India’s ruling party, the BJP, has launched a full-throated attack on the US State Department as being part of a Deep State plot to undermine the Modi government. This has definitely raised some eyebrows, since parties don’t launch these kinds of attacks without go-ahead from their top political figures. As with Imran Khan’s denunciations of the US in his case, in some ways the important thing is less the truth of the matter than the signals being sent and the political dynamics at play.
The downsides of this situation are obvious. For the US, it’s a sign that the most powerful party in India is not thrilled with it, with ire aimed at American lectures about democracy/human rights and the perception that the US was involved in overthrowing Indian ally Sheikh Hasina in Bangladesh over the summer. Democrats and the Biden administration are targets of particular criticism in this line of thought (see the Chellaney quote in the link).

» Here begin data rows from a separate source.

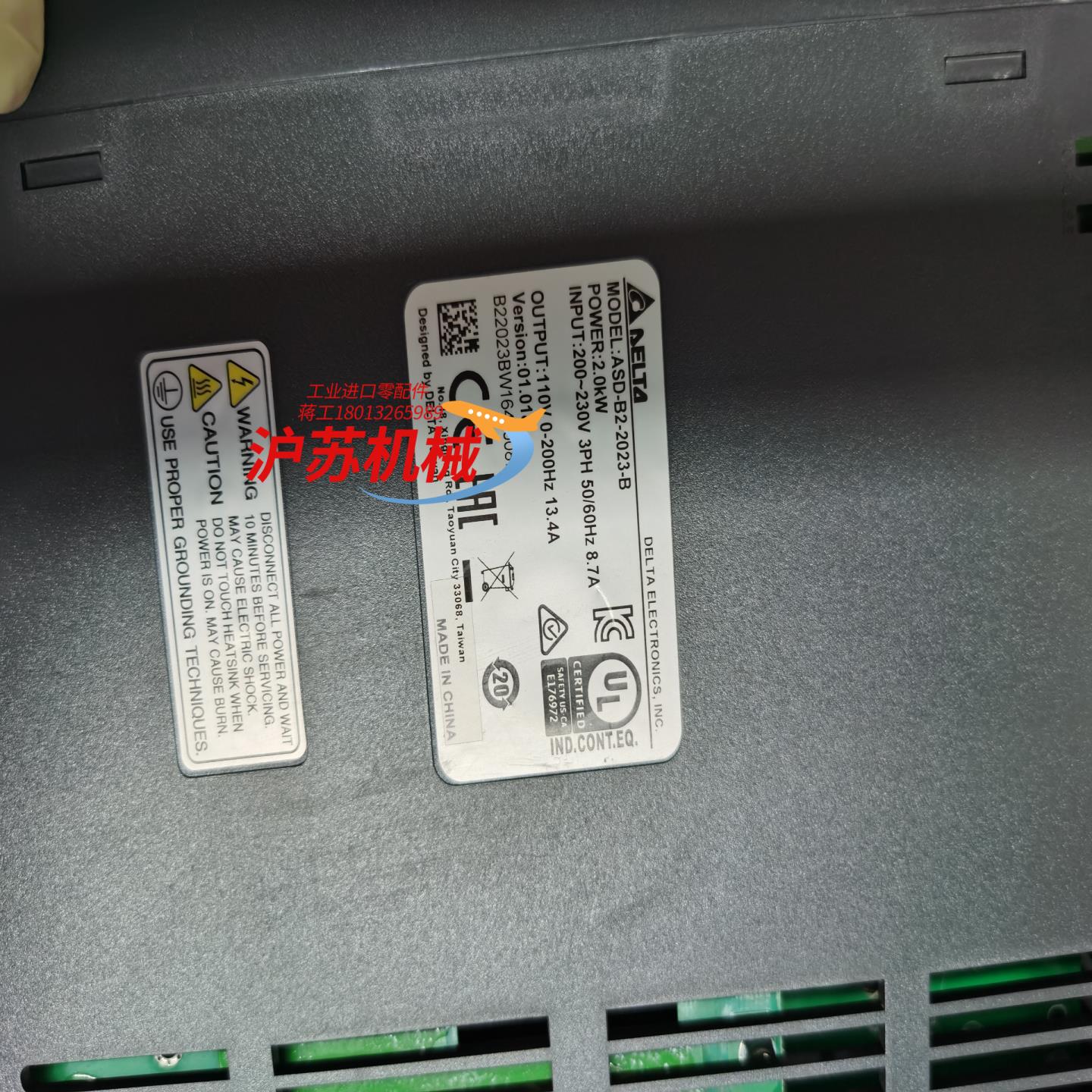 台达2KW ASD-B2-2023-B ECMA-E2132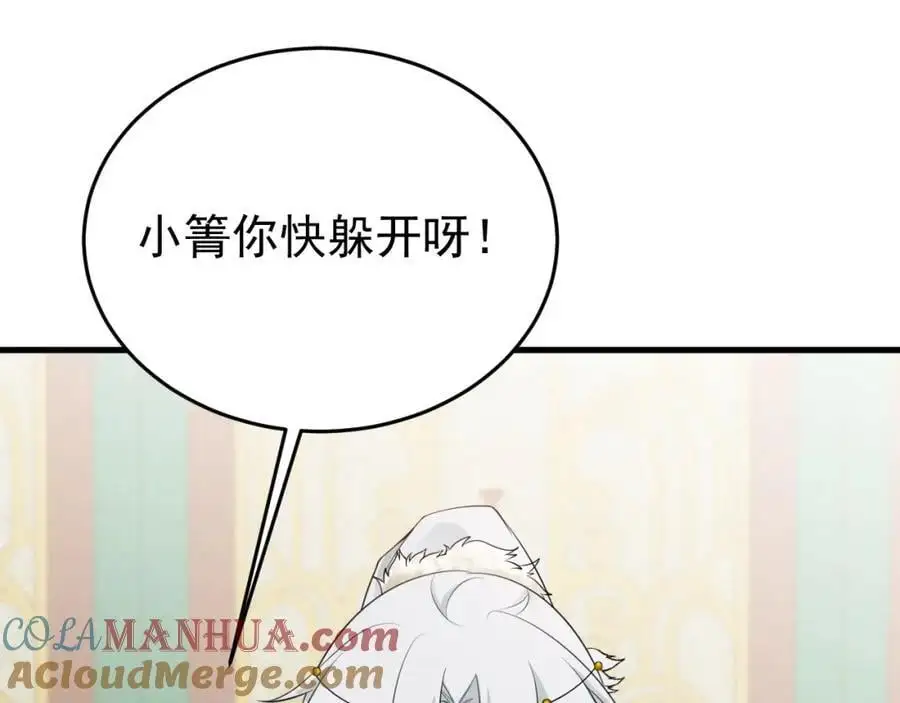 第58话 恶人自有恶人磨！48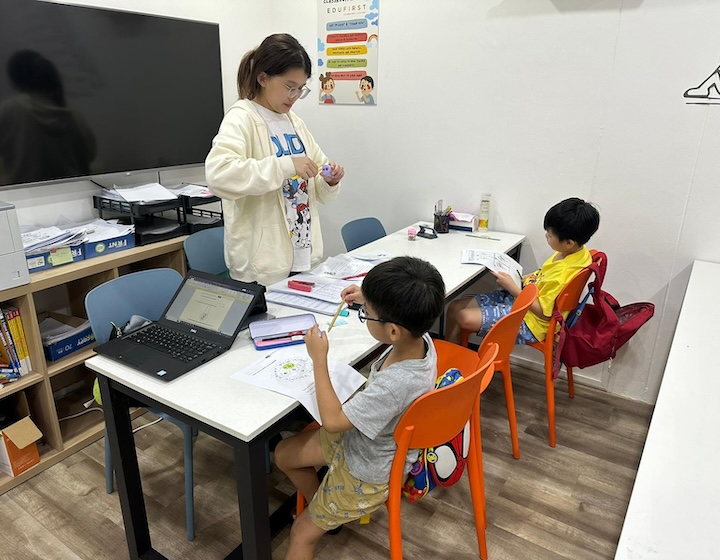 tuition centre singapore - edufirst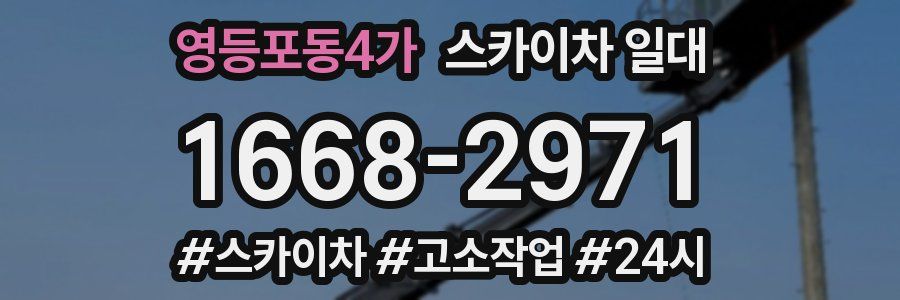 영등포동4가 스카이차 일대
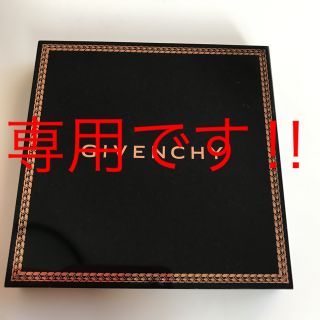 ジバンシィ(GIVENCHY)の専用です‼︎(フェイスパウダー)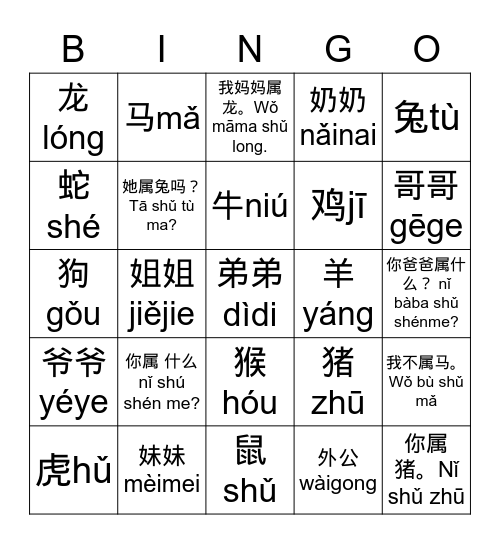 Zodiac Bingo Card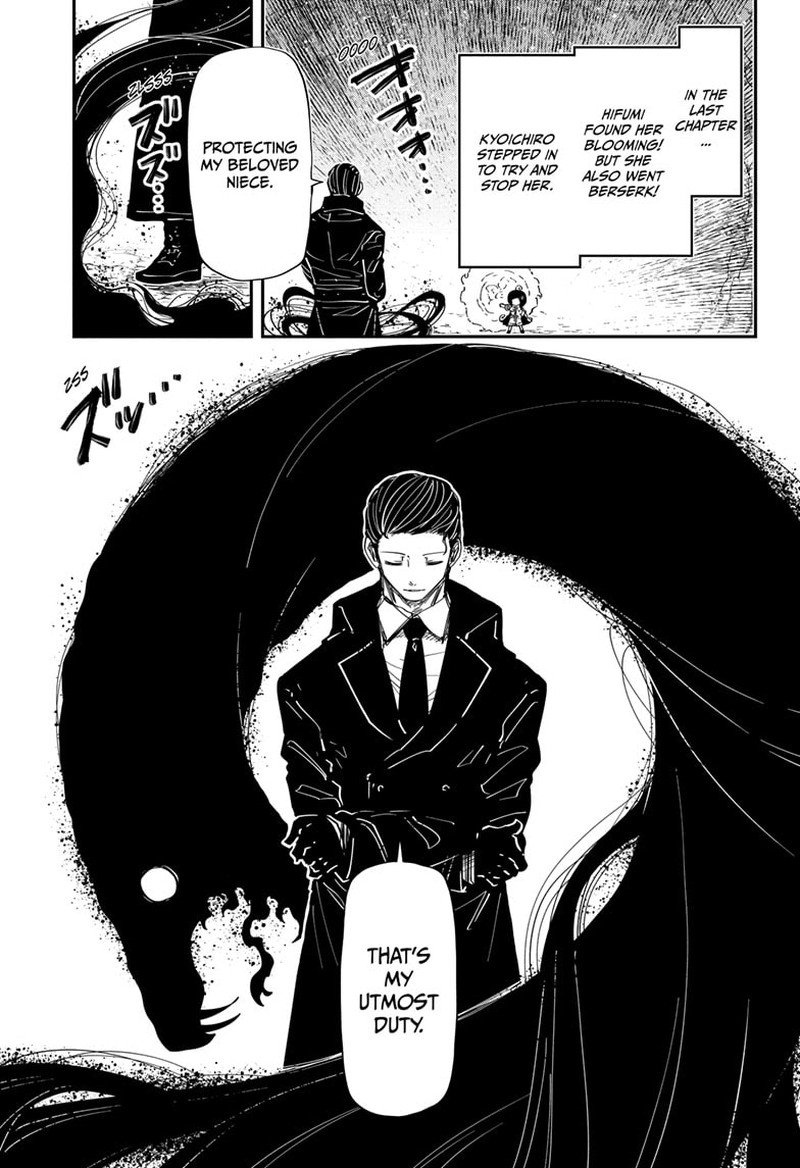 Mission: Yozakura Family Chapter 215 - Page 2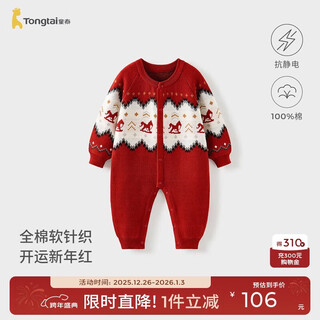 Tongtai (tongtai) baby jumpsuit spring and autumn pure cotton baby clothes children's new year knitted crawler suit new year greeting suit red 90cm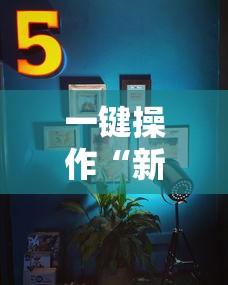 一键操作“新鸿狐大厅透视挂	”辅助透视教程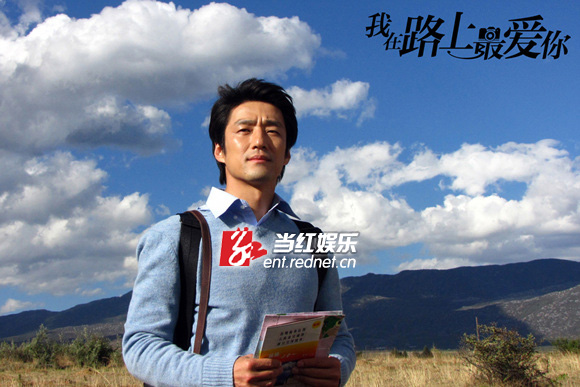 《我在路上最爱你》池珍熙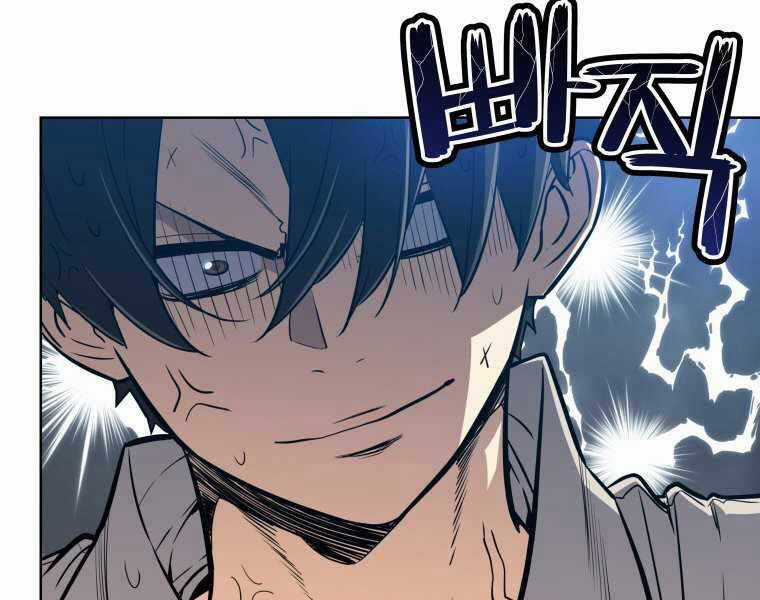 Chế Ngự Kiếm Chương 1 trang 63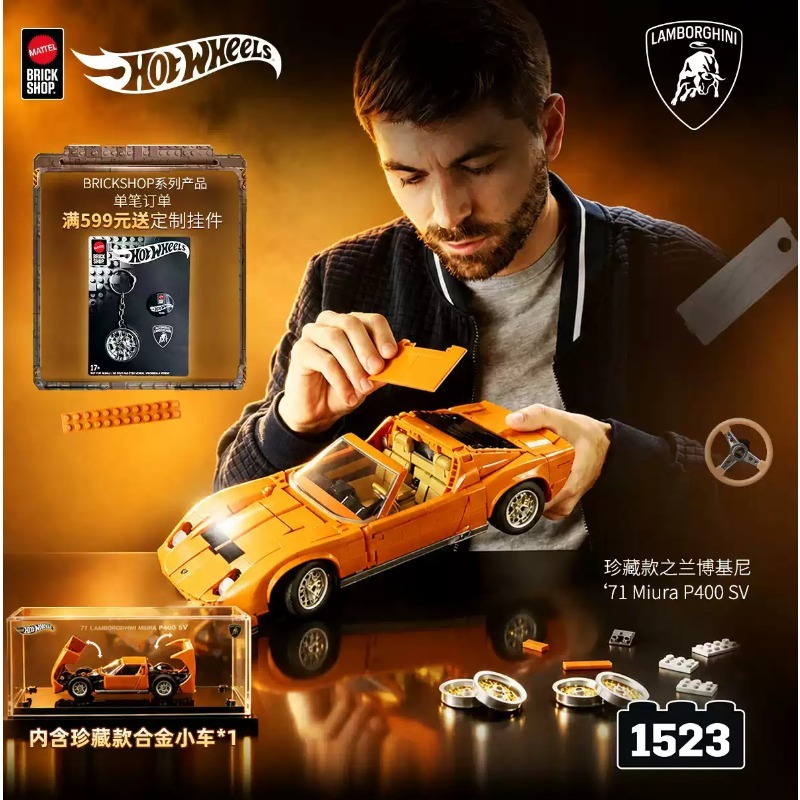 オリジナルマテルブリックショップ ホットウィール カーモデル - Mattel Toy Hot Wheels のレビューと価格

For India, however, a risk is that the pendulum of American politics can swing quickly – the Democrats could easily be back in the House majority in 2026 and the White House in 2028. Those BJP tweets, followed by spokesmen repeating their claims, got wide viewership among India watchers and won’t be forgotten. The combination of the Deep State attack with the transnational assassination allegations against India in the US and Canada have certainly raised some eyebrows (not to mention the GOI going all-in on Adani’s innocence).
Perhaps wrongly, I also think there are upsides here. Being blunt and critical, in both directions, can be better than weaving a web of platitude and euphemism (at least occasionally).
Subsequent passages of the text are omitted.